1pm - Let’s hope retailers are ready for an online Christmas


Yesterday, The Ticker revealed how Australian retailers have rekindled their investment in physical stores despite the rise of online retail. Meanwhile, over in the US, the opposite has happened in response to the trend.

We argued that the debate around online retail has stagnated in Australia, and that this Christmas may be a true test of our retailers’ online capabilities.
And what a test it’s shaping up to be.

Today online retailer eWAY published its online Christmas spending figures, showing a rapid uptick in online Christmas spending in Australia over the past five years. Based on its own data (which excludes other merchants and terminals), the company processed a whopping $319 million in Christmas transactions last year. This year, it expects that figure to rise to over $400m.



This is just one payment provider. The real spend across the board will be significantly higher. Given these figures, we can only hope our major retailers are finally ready for an online Christmas. 


12.30pm - Why the ASX won’t break last year’s Christmas capital raising record

In business circles, December is usually a rather subdued month, as many ease into the Christmas period.

But for our local exchange, the ASX, it’s one of the most hectic periods of the year -- simply because companies are keen to squeeze in their capital raisings or market debuts before the Christmas break.
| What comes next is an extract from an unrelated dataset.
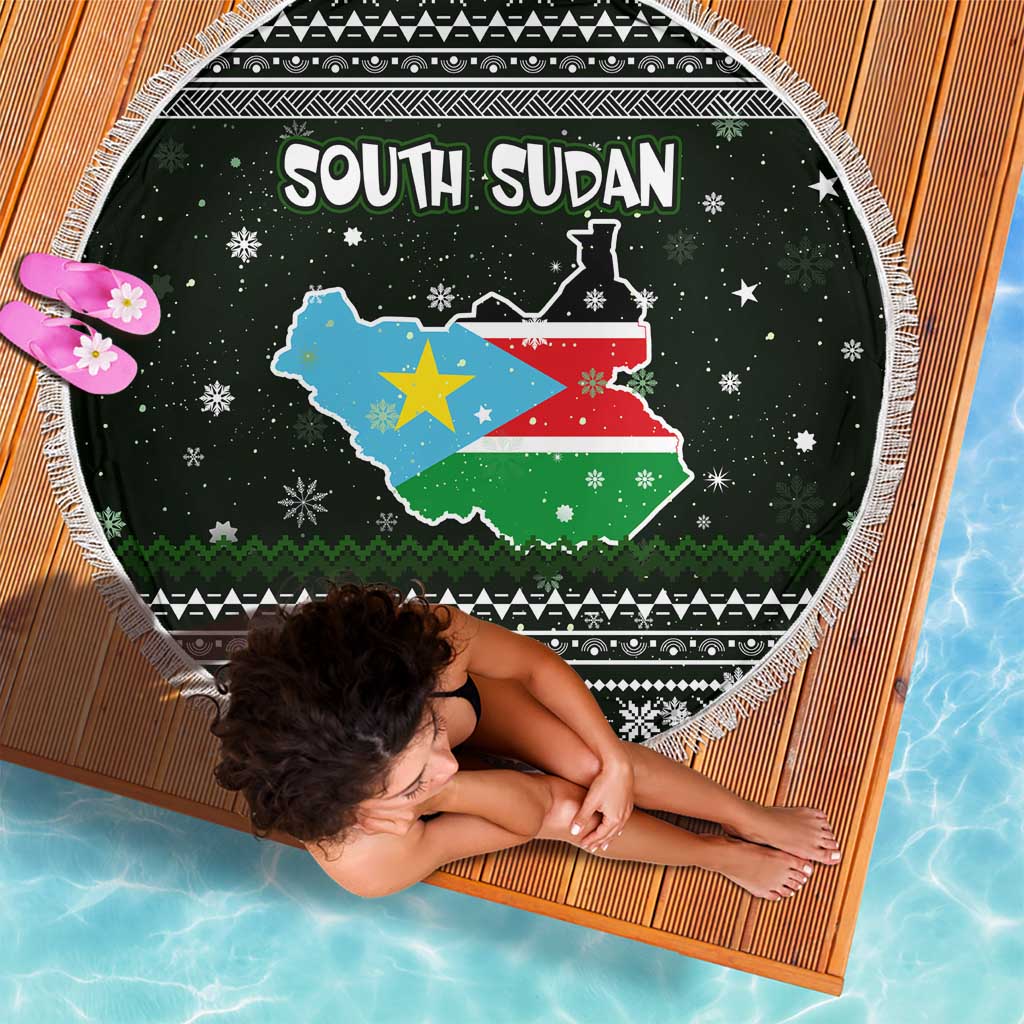 South Sudan Christmas Beach Blanket with National Map, Flag Colors, and Sleeping Rhino Motif - Wonder Print Shop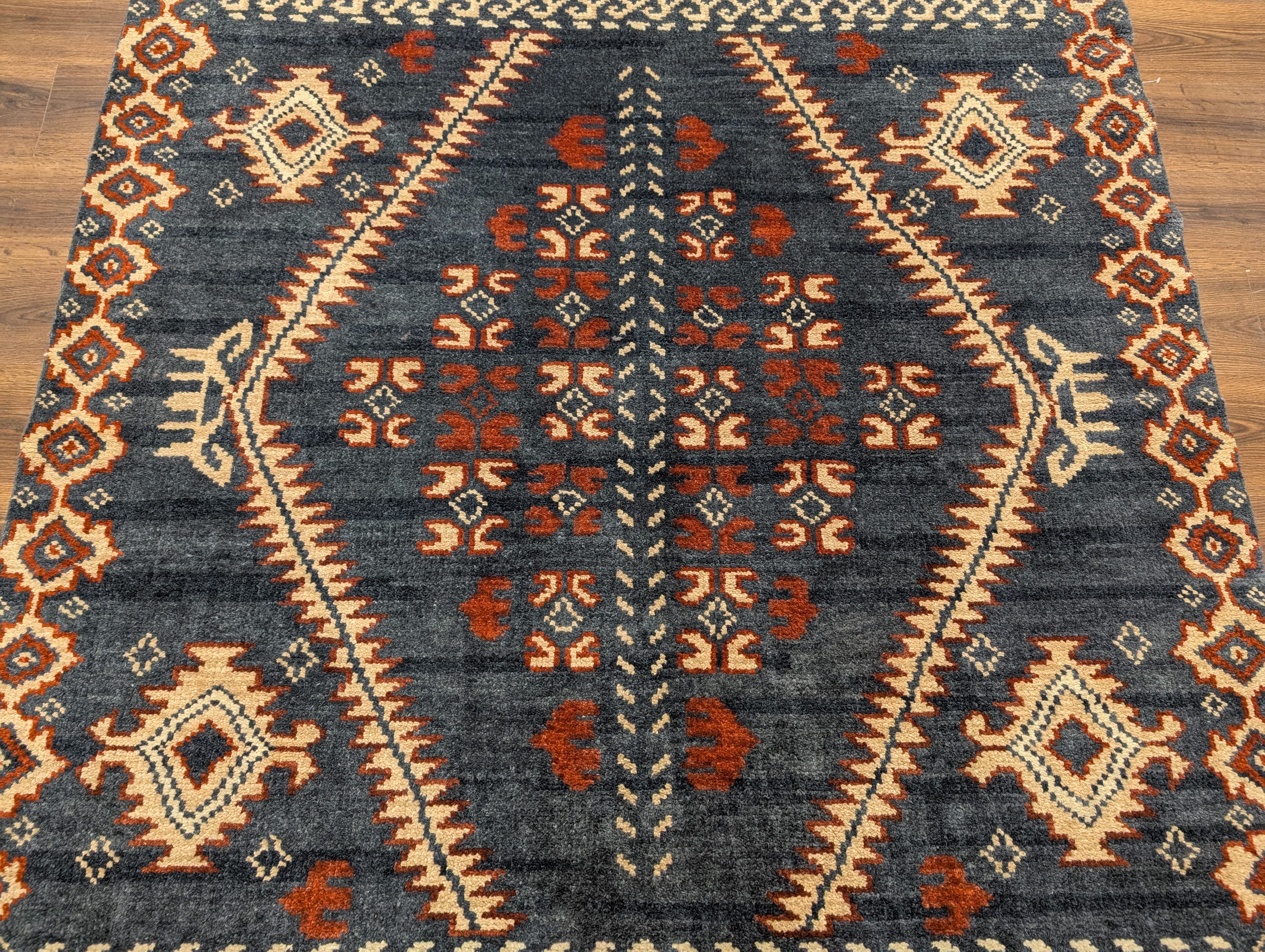 Indo Tibetan Rug 6x9, Hand-Knotted Wool Navajo Design Carpet - Jewel Rugs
Last December, the ASX set a new record for the total amount of capital raised on the exchange in a single month. It was easily the busiest month over the past year. 

It even topped previous Christmas periods. As far as we can tell, it was the strongest month for raising capital on the exchange since 2005, which is as far back as the available data goes. 

That said, this Christmas the exchange may struggle to reach last year’s record. As you can see from graph below, the vast amount of capital raised came from new listings. 

And compared to earlier years, fewer and smaller companies are expected to list on the exchange before this Christmas. We can’t confirm the estimated figure below, as many of the companies have only provided the ASX with a tentative list date. 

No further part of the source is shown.